Yine FT’ye konuşan Hong Kong’da yerleşik bir varlık yönetimi uzmanı, “Herkesin Hong Kong ve Çin’in sağlamlığına ilişkin görüşlerini dile getirdiği bu büyük kamusal etkinliklerin düzenlenmesi iyi ve güzel, ama gerçek çok farklı. Sahada olup bitenler açısından oldukça iç karartıcı; pek bir şey yok,” iddiasında bulundu.
ABD’li bir firmanın yöneticisi, bankacıların, şirketlerinin Çin’deki işlerinden bahsettiklerinin görülmesi halinde, kendilerini ülkedeki politikacıların hedef tahtasında bulabileceklerinden korktuklarını söyledi. Yöneticilerin ayrıca ‘Çin’i küçümsedikleri’ şeklinde yorumlanabilecek yorumlardan da kaçınmaları gerekiyor.
Hong Kong Menkul Kıymetler Borsası, bu yıl ilk halka arzlar için yalnızca 11. en büyük borsa oldu ve üçüncü çeyrekte yalnızca 2,7 milyar dolar toplayarak son on yılın çoğundaki gösterişli performansının gerisinde kaldı. Resmi veriler, bölgedeki varlıkların 2022 yılında %14 oranında düştüğünü gösteriyor.

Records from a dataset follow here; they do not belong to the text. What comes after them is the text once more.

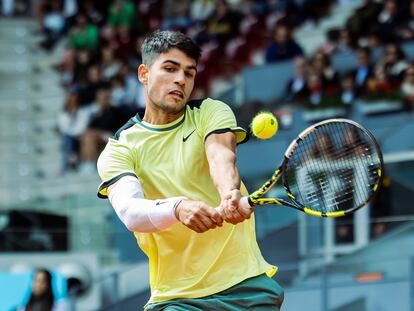 DVD 1208 26/4/2024).  Madrid, España.

MUTUA MADRID OPEN
 Alexander Sevchenko VS Carlos alcaraz/ INMA FLORES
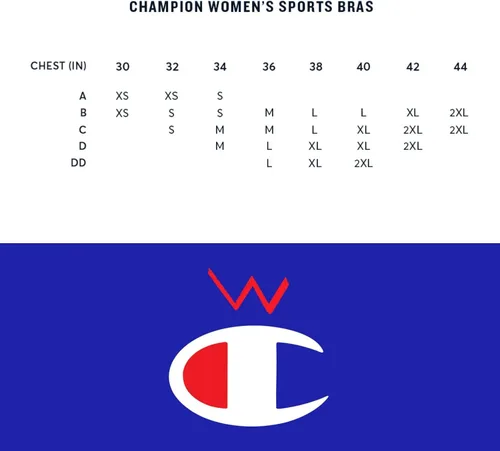 Vista 4 de Champion Womens Infinity Racerback Sports Bra for Women Moisture-Wicking Sports Bra for Women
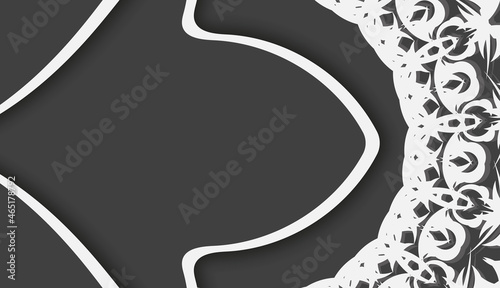 Black background with Indian white pattern and place under your text
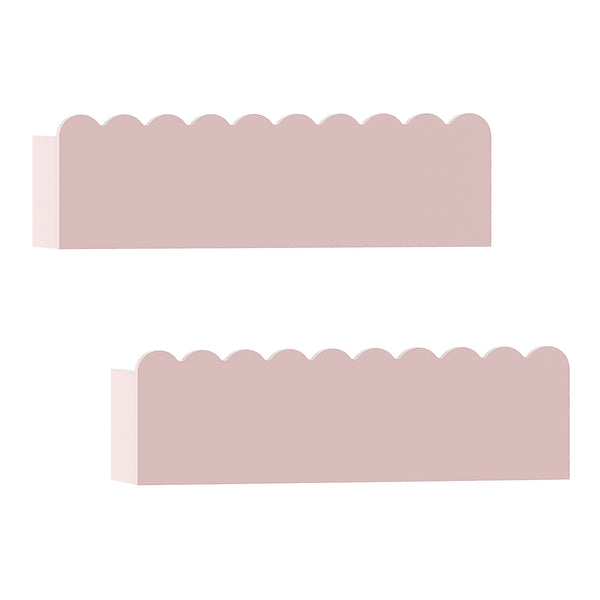 Væghylde til børn sæt med 2 Vestnes 40x10x10 cm Candyfloss [en.casa]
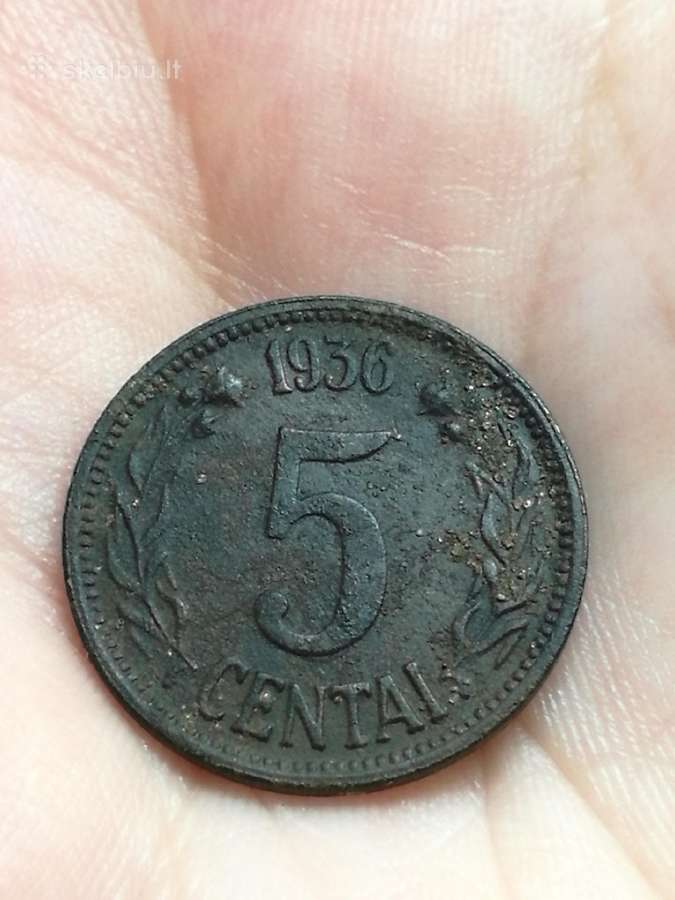 1936 centai, penki ir vienas lietuviški centai - nuotraukos Nr. 9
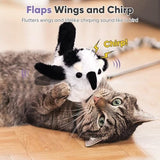 Cat Toys Flapping Bird with Catnip for Bored Indoor Adult Cat Cat Toys Pet Clever 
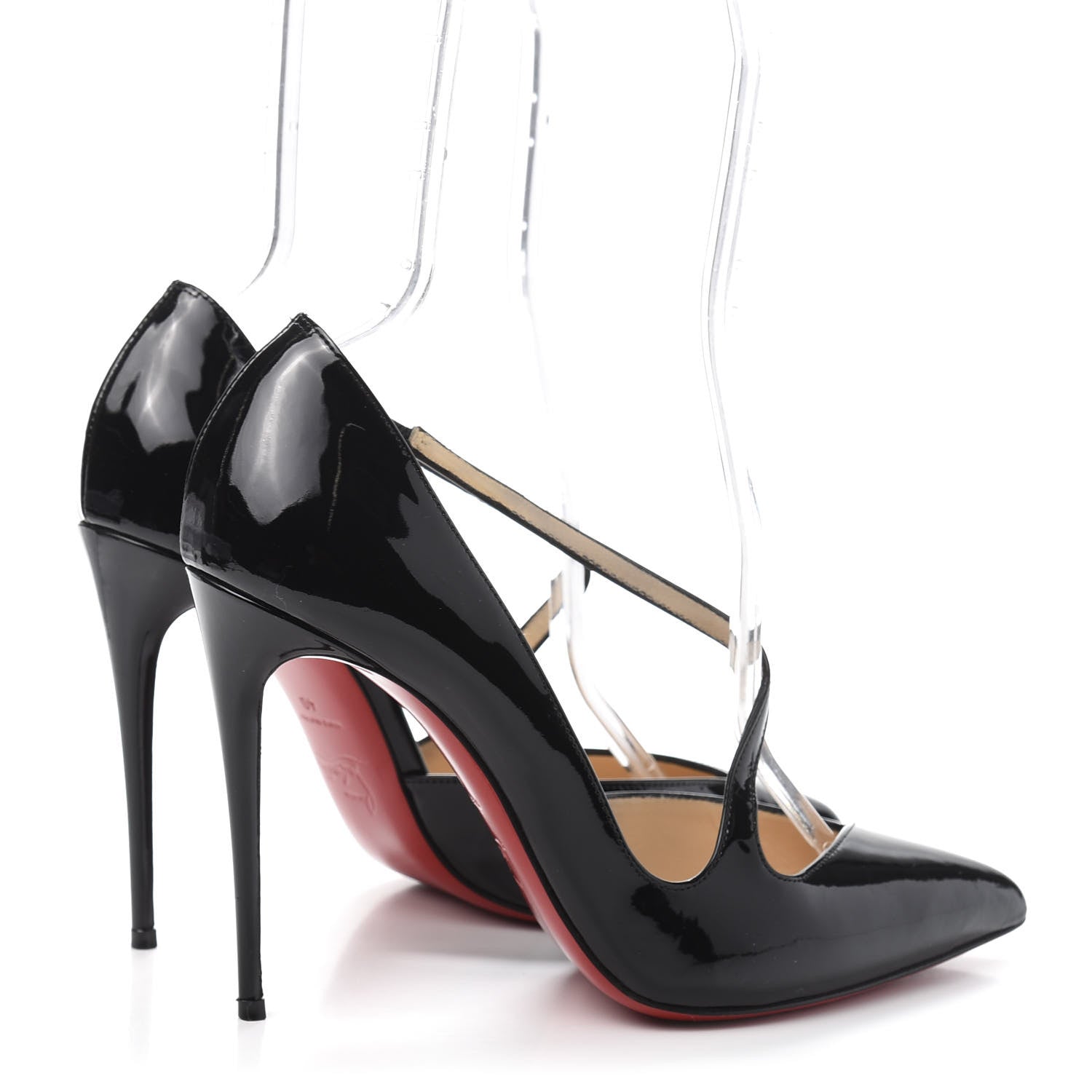 Christian Louboutin Patent Shiny Nappa Crissos Pumps 40 Black 4 of 8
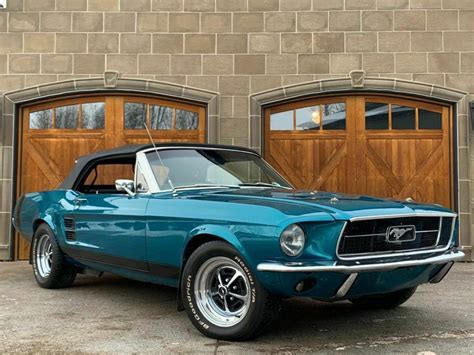 NO RESERVE 1967 FORD MUSTANG CONVERTIBLE TAHOE TURQUOISE RESTORED PONY ...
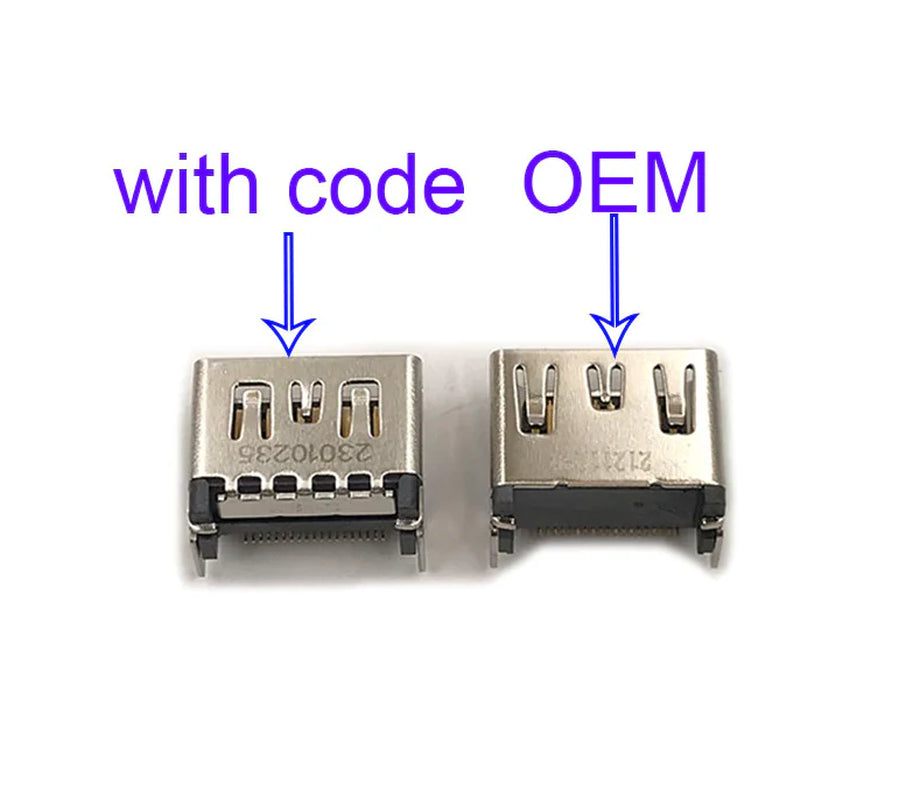 5 Pack OEM HDMI Port Connector Socket Replacement for Sony Playstation 5 PS5 USA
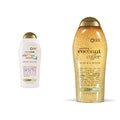 OGX Extra Creamy + Coconut Miracle Oil Ultra Moisture Body Wash, 19.5 Fl Oz Coffee Scrub and Wash, Coconut 19.5 Fl Oz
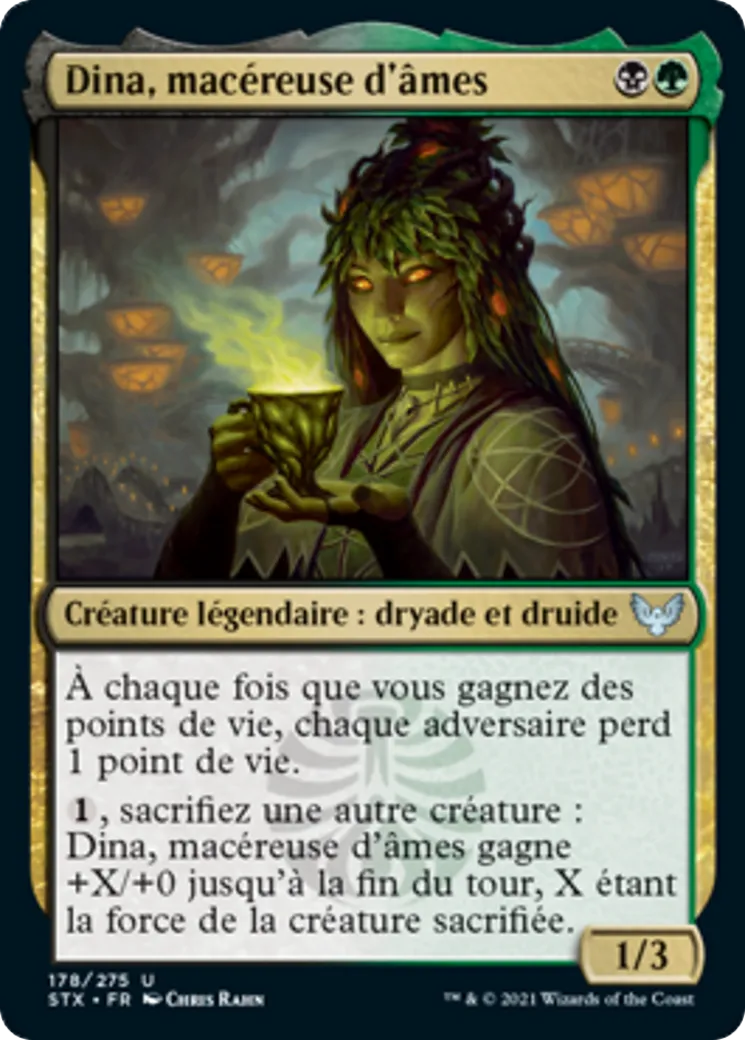Dina, macéreuse d'âmes — Strixhaven: School of Mages — Magic: The Gathering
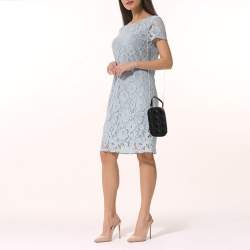 مملوكة مسبقًا Dior Black Cannage Leather Lady Dior Chain Phone Holder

UBS ve Goldman Sachs’ın kriz beklentileri
Zirvede düzenlenen bir panelde konuşan UBS Başkanı Colm Kelleher, bir sonraki finansal krizin ‘gölgedeki’ banka dışı kredi sektöründe yaşanabileceği uyarısında bulunarak, 2008 krizinden bu yana hafifçe düzenlenen özel piyasaların büyümesinin ‘endişe için gerçek bir neden’ olduğunu söyledi.
Kelleher, ‘bazıları müşteri ve rakip olan odadaki insanların yarısını üzme riskini göze alarak’ bu açıklamaları yaptığını söyledi. Bununla birlikte, küresel olarak finansal varlıkların büyük bir kısmının ‘artık banka dışı finansal aracılarda, gölge sektörde olduğunu’ söyledi ve ”Bence bir sonraki kriz bu sektörde yaşanacak, bu bir güven krizi olacak,” diye konuştu.
Kelleher’in yorumları, aynı zirvede daha sonra düzenlenen bir panelde konuşan Apollo Global Management CEO’su Marc Rowan da dahil olmak üzere özel piyasa şirketlerinin başkanlarının sektörü savunmasına yol açtı.
Rowan, “Bir şeyi bankacılık sisteminden varlık yönetimine taşıdığınızda, onu çoğunlukla kaldıraçlı bir sistemden kaldıraçsız bir sisteme taşırsınız,” dedi ve bu tür kredilerin ‘sisteme sağlamlık kattığını’ ileri sürdü.
Rowan, Apollo’nun muazzam miktarda likiditeye sahip olduğunu ve regülatörlerle olan ilişkilerinin çok kapsamlı olması nedeniyle ‘parmak izi mürekkebini parmaklarından zar zor çıkarabildiğini’ söyledi.
Aynı panelde yer alan Goldman Sachs CEO’su David Solomon ise yanıt olarak, “İsterseniz bizim dünyamıza katılabilir ve parmaklarınızda daha fazla mürekkep olabilir,” şakasını yaptı.
Krize yeni neden: Jeopolitik
Morgan Stanley CEO’su James Gorman ise, bir sonraki krizi neyin tetikleyeceğini bilmediğini ancak ‘muhtemelen jeopolitik, siyasi bir şey olacağını’ söyledi.
Gorman, “Dünyadaki bazı ülkelerde demokrasiye yönelik zorluklar oldukça belirgin,” iddiasında bulundu.
Deutsche Bank CEO’su Christian Sewing ise kendisini tedirgin eden şeyin sermaye piyasalarının durumu olduğunu söyledi. Sermaye piyasalarının ‘son derece dirençli’ olduklarını savunan CEO, “Dünyada neler olup bittiğini jeopolitik açıdan, enflasyonist açıdan düşünürseniz … en büyük korkum bir jeopolitik tırmanış daha yaşanması ve piyasaların sakinliğini kaybedip bir piyasa olayı yaşanması. Tetikte olmamız gerekiyor,” dedi.